On a whim and without consultation, Anjali decided to stop taking her pain meds. Withdrawals began to kick in immediately, along with the initial pain from the accident and surgeries. Armed with a trash can, water bottles and a wet washcloth, she locked herself in her room through the first night and wrote the emotional and heart breaking “These Things Happen”. For the next week she would continue to cope with sobriety by writing for the first time in months, citing that this was the first time she had been able to process what was happening.
With her resilient take to the situation, Anjali quickly began to return to her old self creating art and music in any way she could. She started to contact her team and pull them together for an almost entirely new project. With a considerable amount of hesitation from her loved ones and her team, they got to work.

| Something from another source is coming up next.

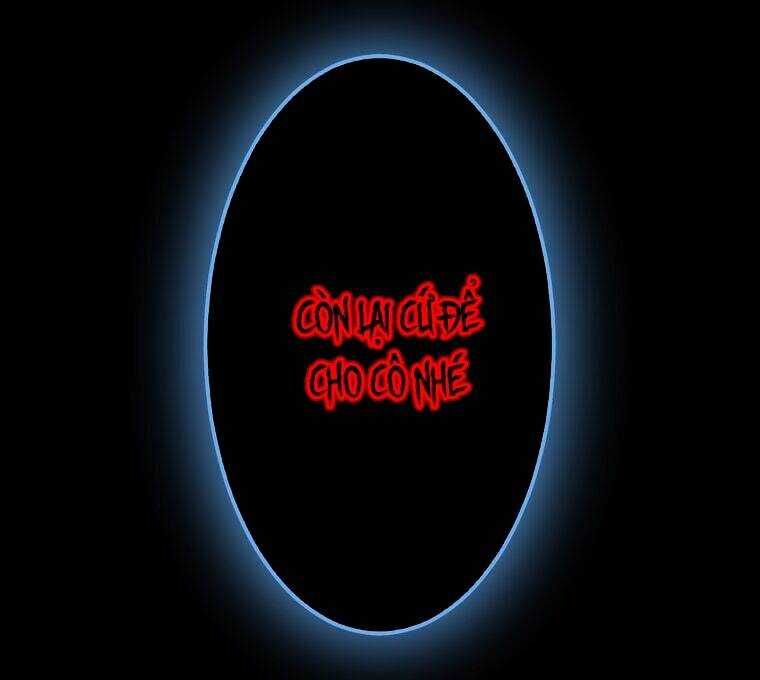 Giáo Viên Ác Quỷ Saiko Chapter 1 - Trang 2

At the age of nine, Anjali had mentioned her musical intentions to her father for the first time, asking to record a song in his studio. His initial reaction was a simple “No.”, followed by a short chuckle of admiration for his daughter’s innocence to a dark industry. To his surprise Anjali began to argue. Entertaining her persistence her father listened and was quickly won over by a song she had written on her own and was blown away by her natural response to music and presence in a vocal booth.
She spent the next nine years preparing and perfecting her skills. All of which came to a halt in June 2018, just a few days before she was set to release her original album “Silver Linings”, which she’d ultimately decide to scratch and reinvent into “Chingona”.